Regardless of the fact that the Fordham Institute judged the standards as a “C” and blasted them for their lack of content, Jeremy Eltz, a science specialist with the department who is heading up the adoption, isn’t concerned.
“One criticism is that they don’t have enough content in chemistry or physics to actually construct a high school course,” Tuttle said. “There isn’t enough material there.”
Eltz agreed with Tuttle that the new national science standards are lighter in content. But he doesn’t necessarily think that’s bad. The standards’ emphasis on skills and scientific practice is important for students, too, he said. Indiana’s science standards now are fairly content-driven, he said.

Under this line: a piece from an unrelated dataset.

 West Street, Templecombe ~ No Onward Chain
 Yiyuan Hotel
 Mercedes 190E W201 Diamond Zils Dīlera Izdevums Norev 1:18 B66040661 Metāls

Are the Indiana science standards too content driven- if there is such a thing? Are they lacking the “process or practices” standards so widely covered in the NGSS? No, the Fordham review found that the IN process standards are “nicely integrated into the content matter and is presented at reasonable length and depth, and is never used as a hand-waving mechanism to hide the absence or paucity of content.”
On the other hand, the Fordham report concluded that the scientific practices included in the NGSS are “forced, ill-conceived, and detract from the essential content needed in order for a student to actually engage in the practice of scientific inquiry.” The IDOE doesn’t agree:
“You really want your students to be able to perform the practice of a scientist and an engineer,” Eltz said.
He fails to realize that a scientist “performs” the way he or she does because of the extensive content knowledge learned over many years. I guess the IDOE finds that unnecessary- just grab a beaker, put on a lab coat, and do a group project- BAM you’re a scientist!
Check out more from the Chalkbeat article here. The IDOE representative is actually quoted as saying that less content is OK because teachers are spending less class time teaching science than they used to do. Go figure.